TASK DIRECTIONS
Lines before the one containing "Автокресло Kinderkraft Comfort" are not wanted; restate the rest below word for word, through the last line, but drop any pictures.

GIVEN MATERIAL
>>

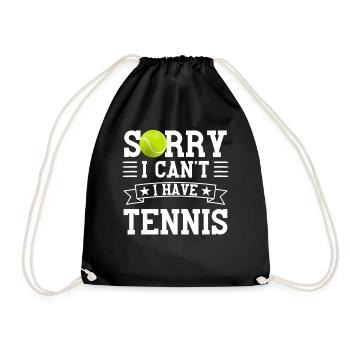 Drôle de joueur de tennis - Sac de sport léger - noir - Devant
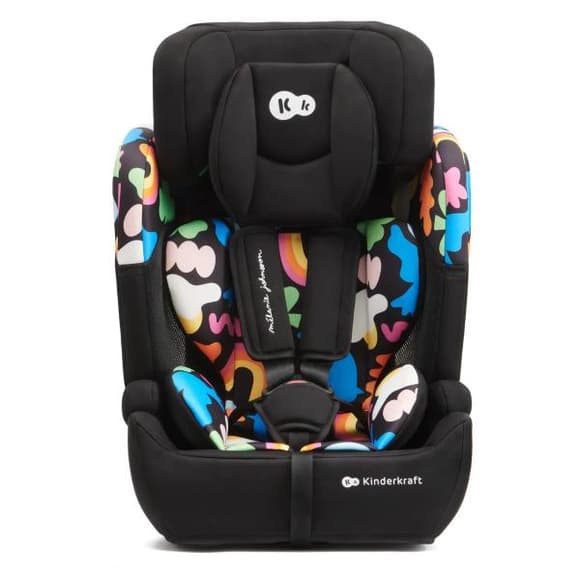 Автокресло Kinderkraft Comfort Up i-Size черный с рисунком (KCCOUP02HAP0000)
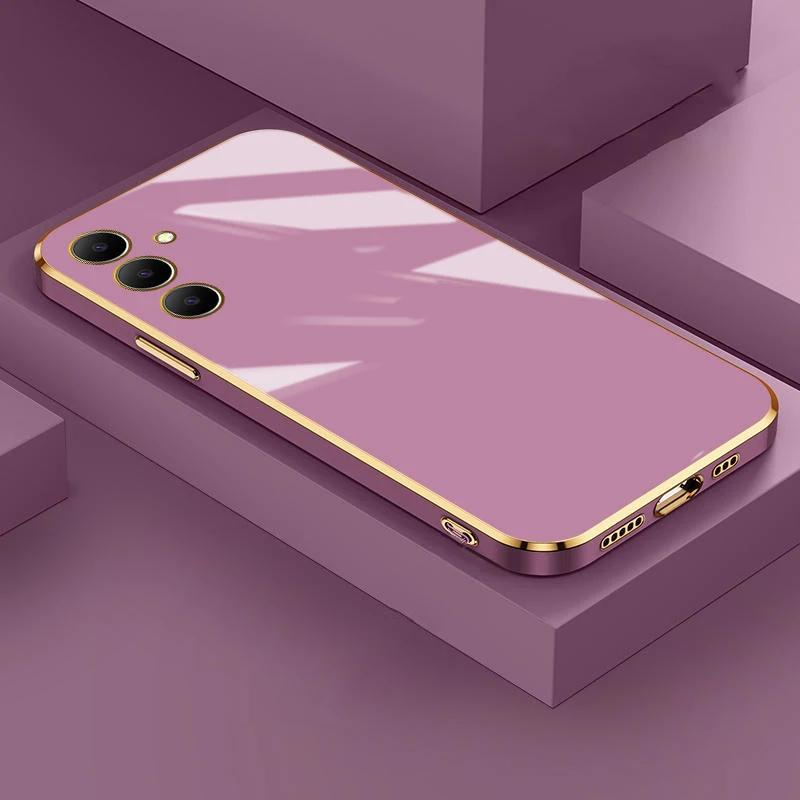 thumbnail image 1 of Case For Samsung Galaxy A05S A14 A15 A05 A04 A52s A04S A24 A25 A34 A54 A52 A13 A32 A23 Luxury Plating Soft Silicone Phone Cover, 1 of 5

<<

ANSWER FOR THE TASK
 Автокресло Kinderkraft Comfort Up i-Size черный с рисунком (KCCOUP02HAP0000)
 thumbnail image 1 of Case For Samsung Galaxy A05S A14 A15 A05 A04 A52s A04S A24 A25 A34 A54 A52 A13 A32 A23 Luxury Plating Soft Silicone Phone Cover, 1 of 5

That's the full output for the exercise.